■ TO DO: Word for word, restate the data that follows, omitting the images.

━━ DATASET CONTENT

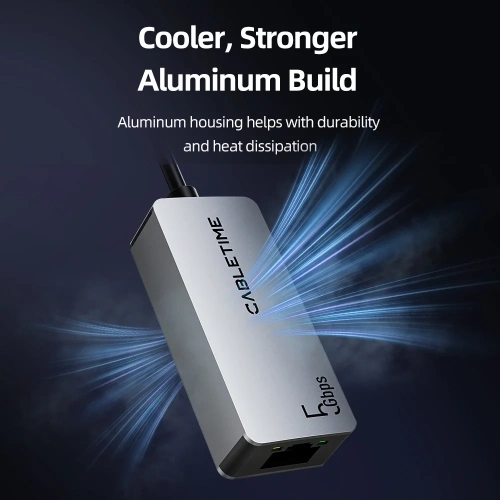 Адаптер CABLETIME CB58G CT-ACML5-AG USB A+C 3.0 — RJ45 5 Гбит/с - Space Grey фото 7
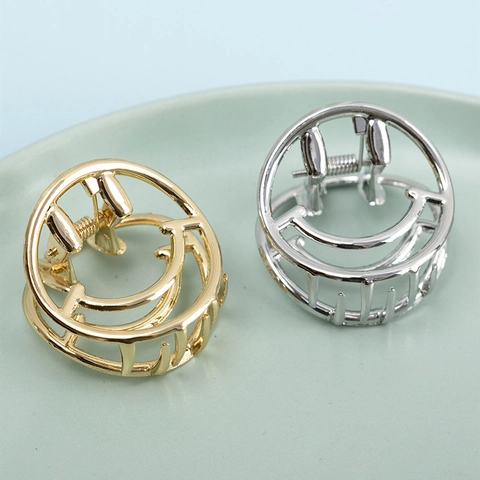 Pinza Para El Pelo Con Cara Sonriente Hueca Geométrica Redonda Metal Oro Plata Chapado Antideslizante Estilo Coreano Mujeres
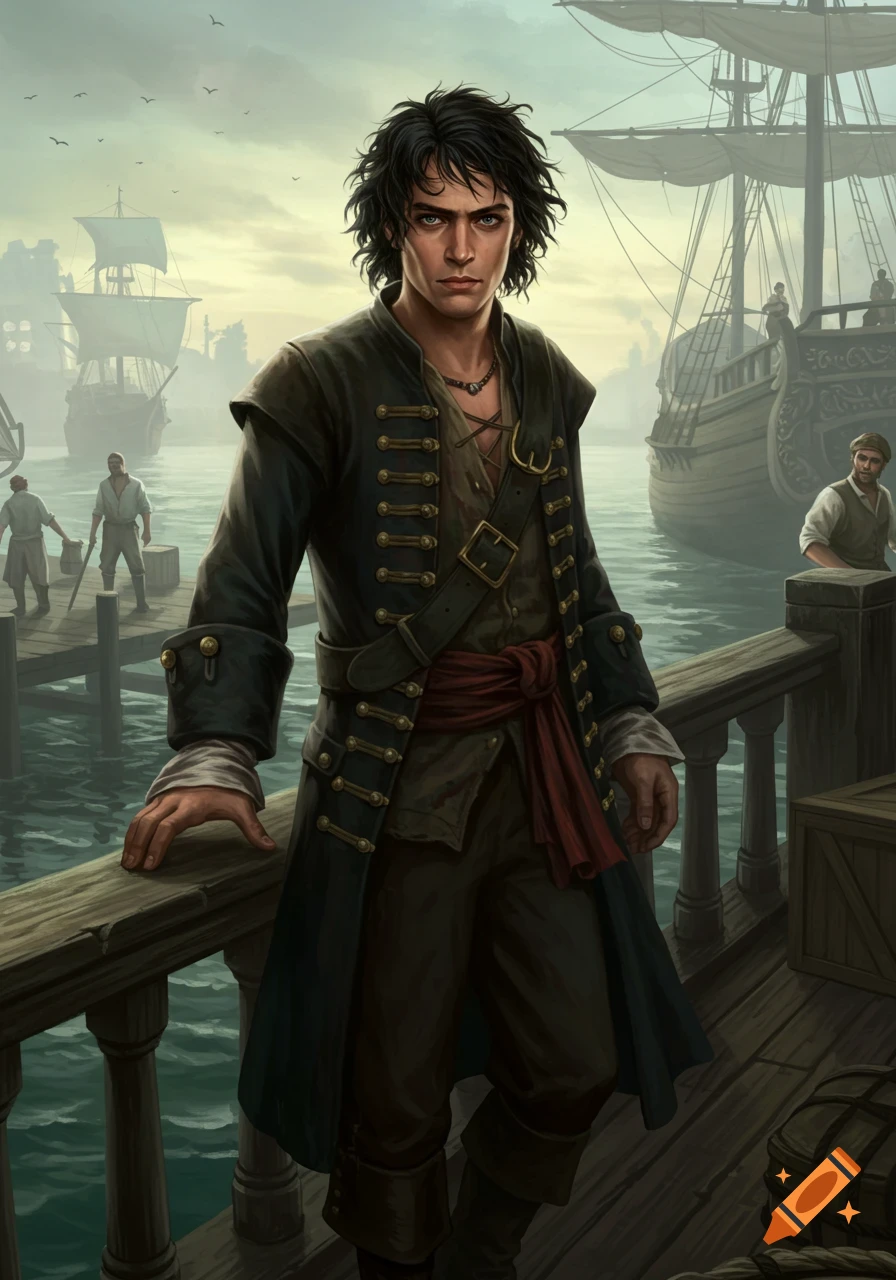 A young man with dark, curly hair and a pirate-like coat stands on a wooden dock, gazing forward. Tall sailing ships are docked behind him in a busy port.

━━━━

■ SOLVED EXERCISE:
 Адаптер CABLETIME CB58G CT-ACML5-AG USB A+C 3.0 — RJ45 5 Гбит/с - Space Grey фото 7
 Pinza Para El Pelo Con Cara Sonriente Hueca Geométrica Redonda Metal Oro Plata Chapado Antideslizante Estilo Coreano Mujeres
 A young man with dark, curly hair and a pirate-like coat stands on a wooden dock, gazing forward. Tall sailing ships are docked behind him in a busy port.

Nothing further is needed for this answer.